*** Data shown ***

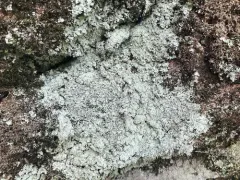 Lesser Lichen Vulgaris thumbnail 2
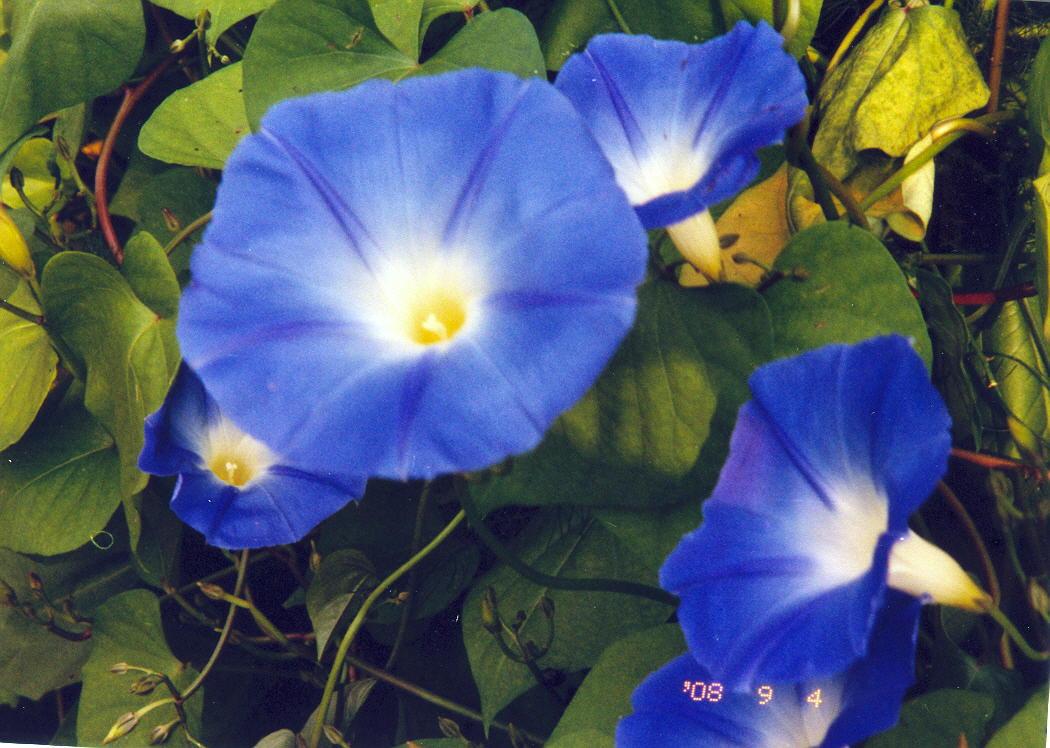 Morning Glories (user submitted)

***
*** Data shown ***

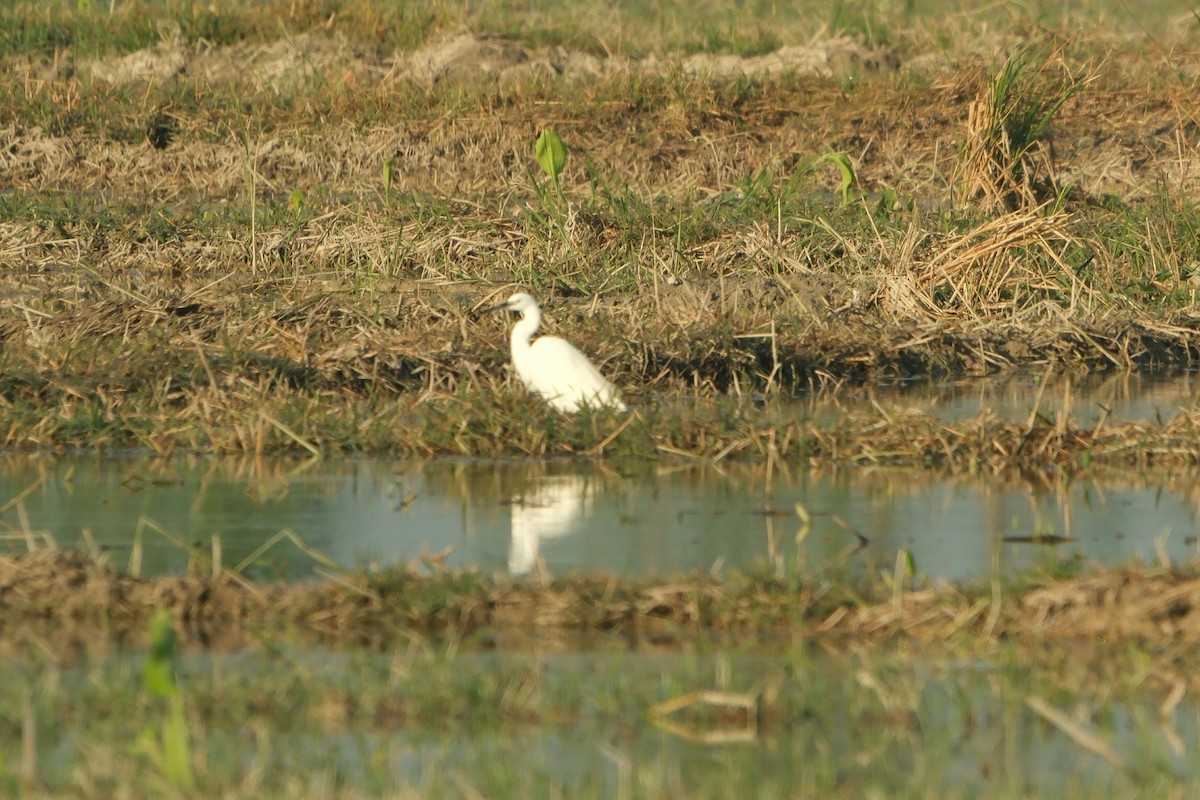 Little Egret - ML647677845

***

What is needed:
Please repeat the lines of the material above exactly, starting with the line that contains "Lesser Lichen Vulgaris thumbnail 2" and ending with the line that contains "Morning Glories (user submitted)". Leave the pictures out.

Solved exercise:
 Lesser Lichen Vulgaris thumbnail 2
 Morning Glories (user submitted)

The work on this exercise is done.